Antonina sits alone on a chair in the corner of what used to be the building's garden. She holds a cane in front of her in both hands and rests her head on top, a sad, thoughtful look on her face as she watches the diggers do their work.
"The people who stayed in the two blocks on the sides of the building were hurt but they're still alive," she says. "Those that stayed (in the middle section), they're all dead."
- 'Maybe he is still there' -
Antonina has not heard from her son Yuri, 43, since the night the bomb fell.
"Maybe he managed to get out, maybe he is hurt, maybe he is still there (under the rubble). I can't say, I don't know," she says, before bursting into tears.
Scattered in the ruins of the building there's a pair of shoes, a book, a water-pistol, some cushions, clothes and three stuffed animals, a bear, a giraffe and a hippo, all next to each other.
A mattress is caught in the branches of a tree.
On the ground floor of one of the still-standing blocks, Lyubov Yaremenko's apartment used to have a little terrace.
With the forecast for rain, she puts a plastic tarp over the brown sofa she's placed where the patio was.
It is the only piece of furniture she was able to save from her house, where everything else was devastated by the explosion.
Doors came off their hinges, windows smashed, the cupboards were knocked over and clothes thrown everywhere.
- 'More horrific' -
When the bomb hit, Lyubov, an olderly lady of around 70, was not in her apartment but in the cellar.
"We stayed so long underground, almost a month and a half, first here, then we ran to the cellar on the other side of the street as they were bombing... I fell and hurt my ribs," says Lyubov still shocked.

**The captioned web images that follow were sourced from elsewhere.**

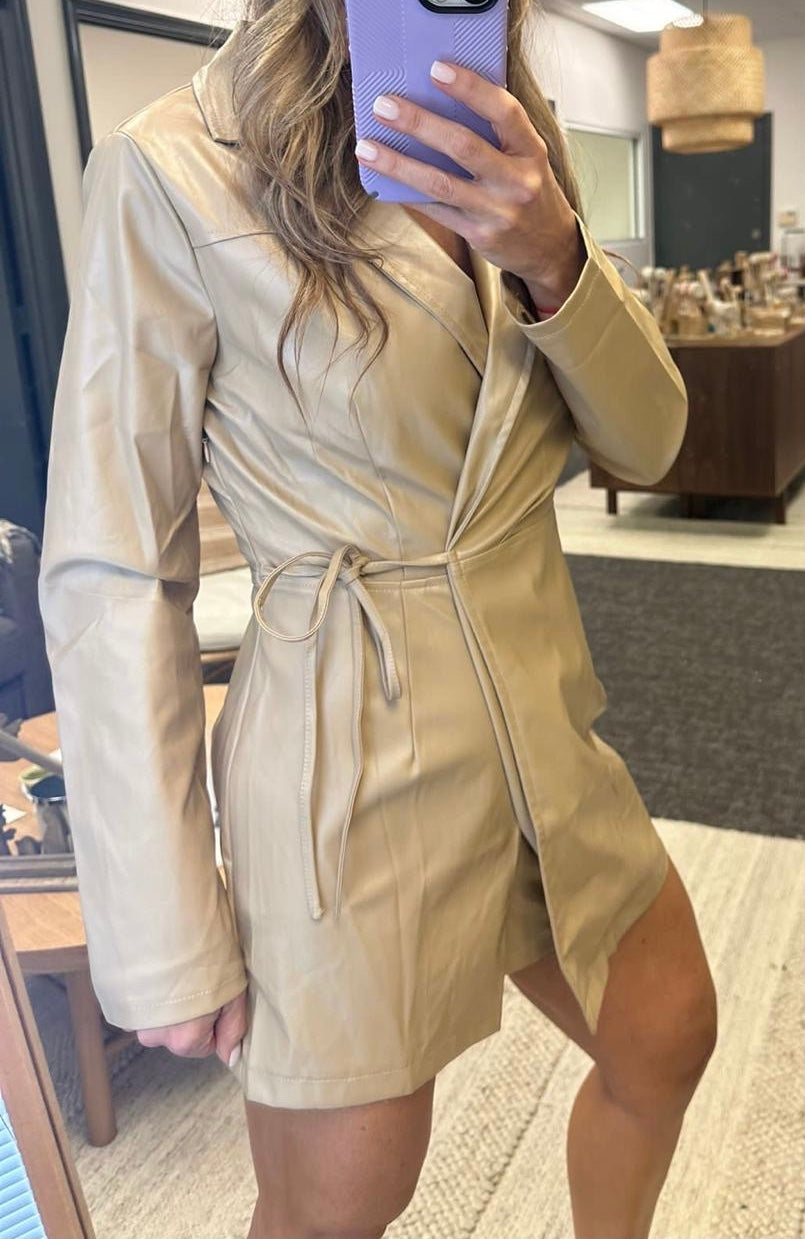 Faux Leather Longsleeve Romper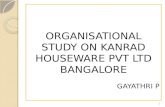 Organisational study on kanrad houseware pvt ltd bangalore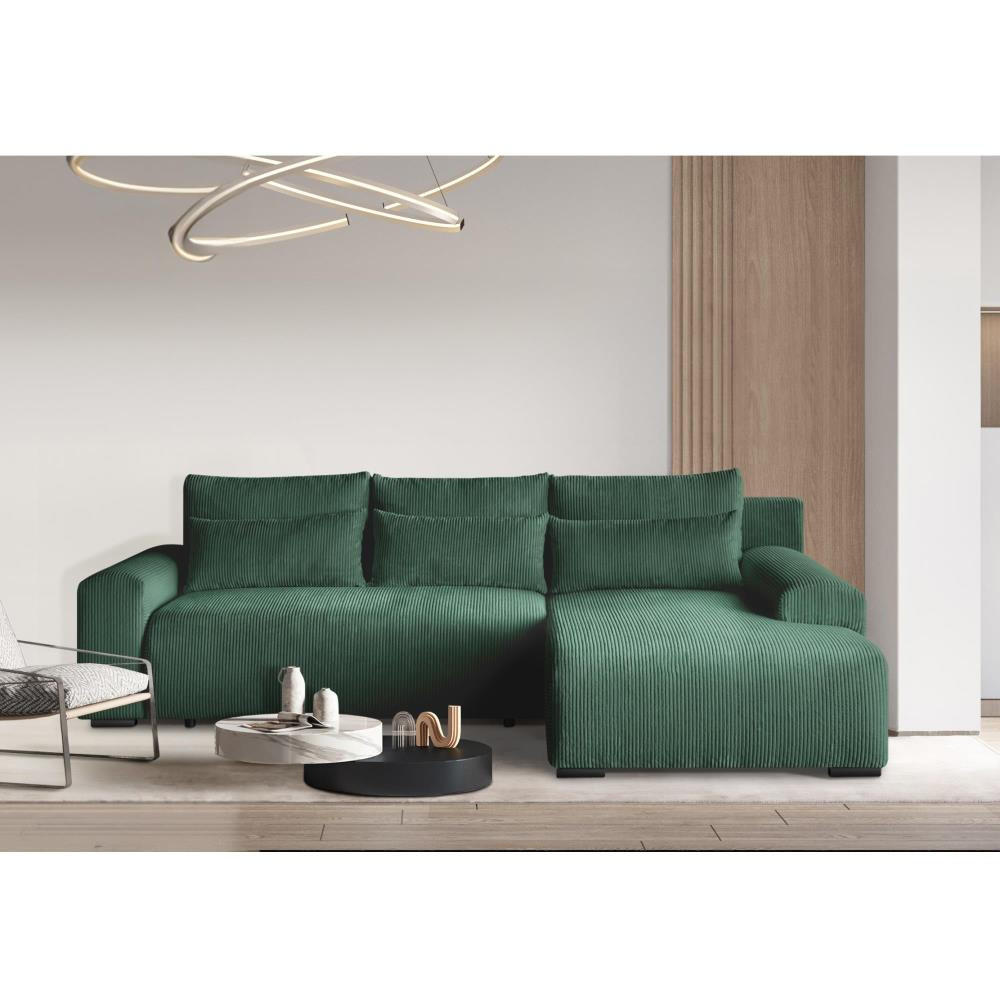ECKSCHLAFSOFA Benny grün rechts - Schwarz/Grün, Kunststoff/Textil (271/185cm) - Beautysofa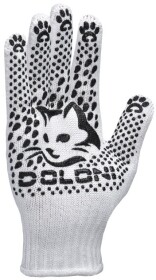 Перчатки рабочие Doloni Садовые хб с точками ПВХ белые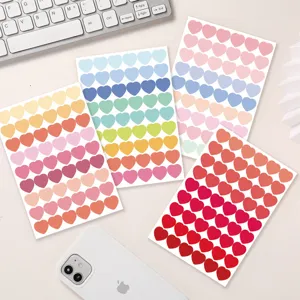 Feuilles d'autocollants cœur dégradé pour journal, mignon planificateur étiquettes déco 8pcs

"It seems there was a family with young children in this cellar, that they can't yet reach," she says.
The main road in Borodyanka is now nothing more than a near-two-kilometre-long strip of ruins and devastation.
The town, which numbered around 13,000 inhabitants before the war, was retaken by Ukrainian forces at the end of March after the withdrawal of Russian troops from the region around Kyiv.
Ukraine's president Volodymyr Zelensky warned on Saturday that worse was still being uncovered.
"They have started sorting through the ruins in Borodianka," northwest of Kyiv, he said. "It is much more horrific there. There are even more victims of Russian occupiers."
He has said that the situation in Borodyanka is "much more horrific" than in Bucha, where dead civilians were discovered, some of them with their hands tied behind their backs.
Ukraine's Prosecutor General Iryna Venediktova said on Thursday that 26 bodies had been recovered from two destroyed apartment buildings in Borodyanka so far.
Across from the main square, another, taller building of eight storeys has also seen one third of its mass shorn off by a bomb. A crane is working to remove hulking pieces of its walls, blackened by the explosion.
Two rescue workers in a cherry picker look through the windows of the standing apartments one by one, looking for bodies.
"We would have liked it to be a simple rescue operation but the strikes were end of February, early March," says Svetlana Vodolaha, an emergency services worker from Kyiv.
"We don't have an exact figure for the number of people that could still be trapped under the collapsed buildings, but we have to search all of them," she says.